Highlights

  • Research interest
  • Projects
  • Work overview

Research Interest

  • Privacy, Deviance, User Influence and Retention in the Social Web
  • Social data mining
  • Semantic web
  • Software Quality & Testing

Research Projects

  • The Good, the Bad and the Deviant in Community Question Answering
  • We focus on abuse reports to characterize the behavior of the good guys vs. bad guys in a popular community-based question answering platform, Yahoo Answers. We defined and validated metrics that reflect the extent to which a user deviates from the typical behavior. The analysis of more than a year of sampled user activity shows that deviant users are not all necessarily bad. Some are (so much so that their accounts will be eventually suspended), while others add value to the community rather than subtract it. We also attempt to understand the association between users privacy concerns as manifested by their account settings and their activity in the CQA platform.

  • Retention in Community Blogs
  • Turnover in community blogging is very high, with most people who initially join and start contributing to the community, failing to contribute in the long run. In this project, we ask what factors cause a blogger to continue participating in the community by contributing content (e.g., posts, comments). We crawled a sample of blogger profiles (contributed 91% community posts) from a popular community blogging platform ``Blogster'' and built a predictive model for retention. Our results show that the male and aged (senior) bloggers, who face fewer constraints and have more opportunities in the community are more retained than others. Other bloggers pay a high degree of attention to these retained bloggers through implicit (reading posts) and explicit (writing comments) interactions. We have also found that a blogger has higher retention if her friends have also higher retention and a strong social tie reduces retention imbalance between two blogger friends.

  • Aegis: A Semantic Implementation of Privacy as Contextual Integrity in Social Ecosystems
  • Combining and incorporating rich semantics of user social data, which is currently fragmented and managed by proprietary applications, has the potential to more accurately represent a user's social ecosystems. However, social ecosystems raise serious concerns regarding privacy. This project proposes to model privacy as contextual integrity using semantic web tools and focuses on defining default privacy policies, as they have the highest impact on today's systems.
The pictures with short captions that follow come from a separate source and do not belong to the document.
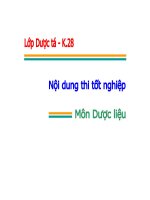 Noi dung on thi Tot nghiep-Duoc lieu-Duocta-2012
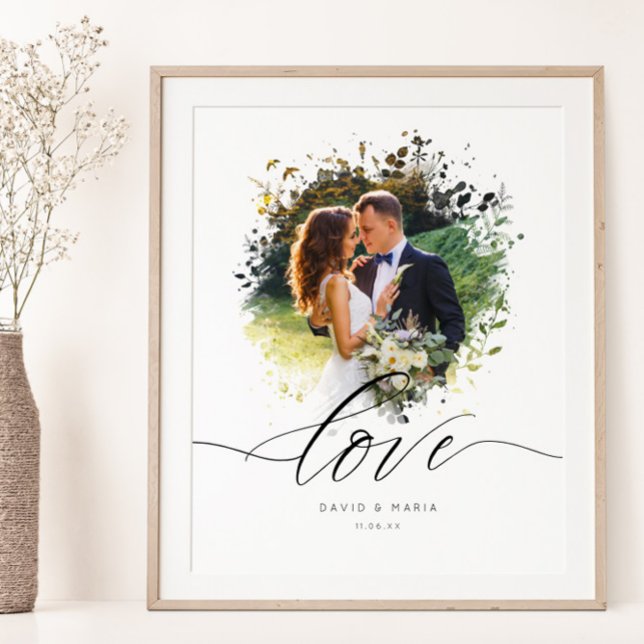 Artistic Photo Overlay Border Love Couple Poster (Creator Uploaded)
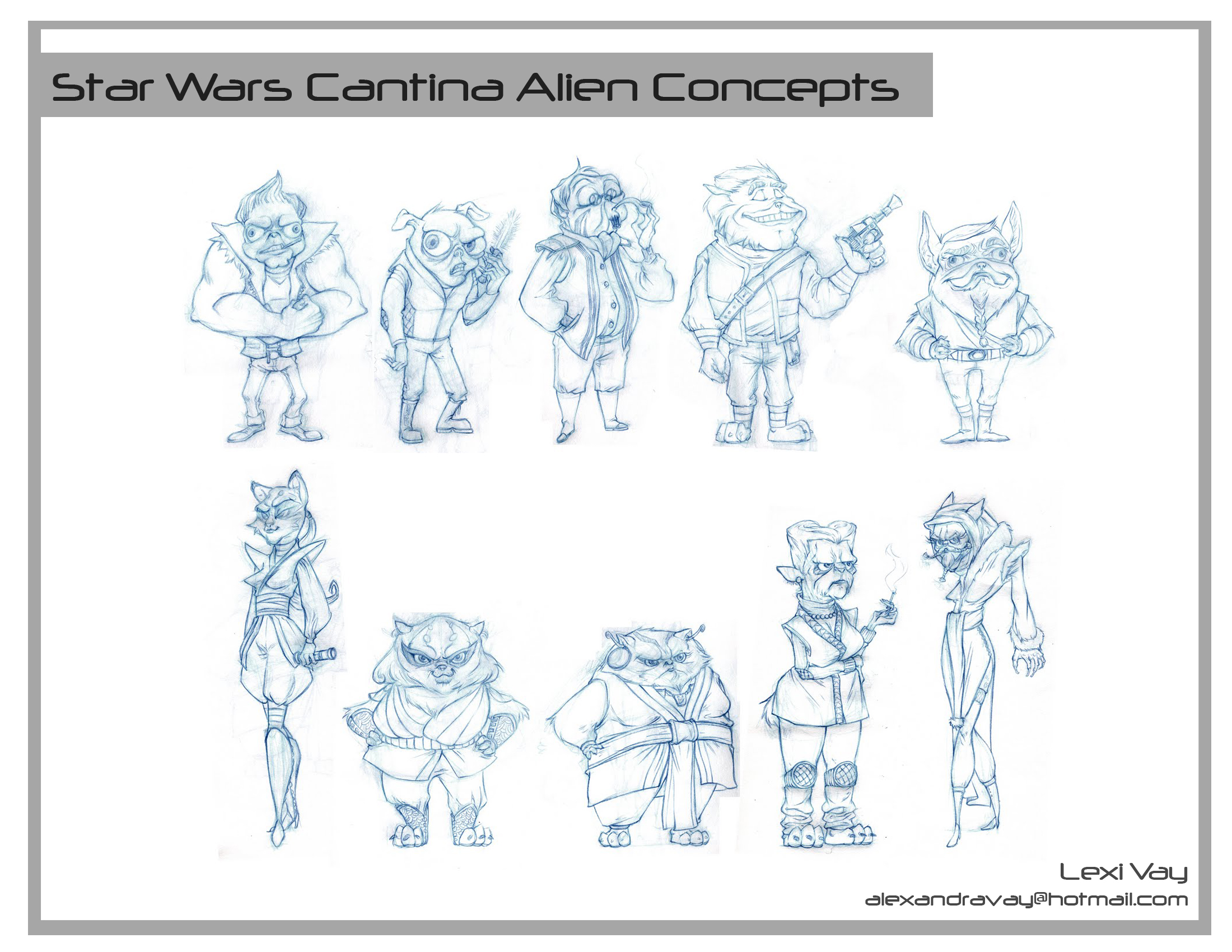Star Wars Cantina Alien Concepts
  • Influential Bloggers in a Blogging Community
  • Blogging is a popular activity with high impact on marketing, shaping public opinions, and informing the world about major events from a grassroots point of view. Influential bloggers are recognized by businesses as significant forces for product promotion or demotion, and by oppressive political regimes as serious threats to their power. This work studies the problem of identifying influential bloggers in a blogging community, BlogCatalog, by using network centrality metrics. Our analysis shows that bloggers are connected in a core-periphery network structure, with the highly influential bloggers well connected with each others forming the core, and the non-influential bloggers at the periphery. The six node centrality metrics we analyzed are highly correlated, showing that an aggregate centrality score as a measure of influence will be stable to variations in centrality metrics.

  • Agile Testing: PRAT as a Metric of Testing Quality in Scrum
  • This project presents a metric that measures the quality of the testing process in a Scrum process. As product quality and process quality correlate, improved test quality can ensure high quality products. We propose a metric Product Backlog Rating (PRAT) to assess the testing process in Scrum. PRAT considers complexity of the features to be developed in an iteration of Scrum, assess test ratings and offers a numerical score of the testing process.
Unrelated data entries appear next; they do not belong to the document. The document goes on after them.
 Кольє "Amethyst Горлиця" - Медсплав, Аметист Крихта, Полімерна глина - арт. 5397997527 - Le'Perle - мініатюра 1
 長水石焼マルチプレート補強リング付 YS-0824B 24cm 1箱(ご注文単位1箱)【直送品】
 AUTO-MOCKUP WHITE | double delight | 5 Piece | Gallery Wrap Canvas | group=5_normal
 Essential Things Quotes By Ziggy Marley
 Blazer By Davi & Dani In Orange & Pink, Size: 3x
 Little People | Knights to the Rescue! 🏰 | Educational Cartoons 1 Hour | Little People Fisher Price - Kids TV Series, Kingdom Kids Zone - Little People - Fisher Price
  • Test Case Prioritization for Regression Testing
  • Test case prioritization techniques involve scheduling test cases for regression testing in an order that increases their effectiveness at meeting some performance goal. Using information obtained from previous test case execution, prioritization techniques order the test cases for regression testing so that most beneficial are executed first thus allows an improved effectiveness of testing. We leverage fault dependencies and propose techniques/ algorithms for a regression test suite prioritization. We also propose metrics to evaluate the effectiveness of a dependency based prioritization technique.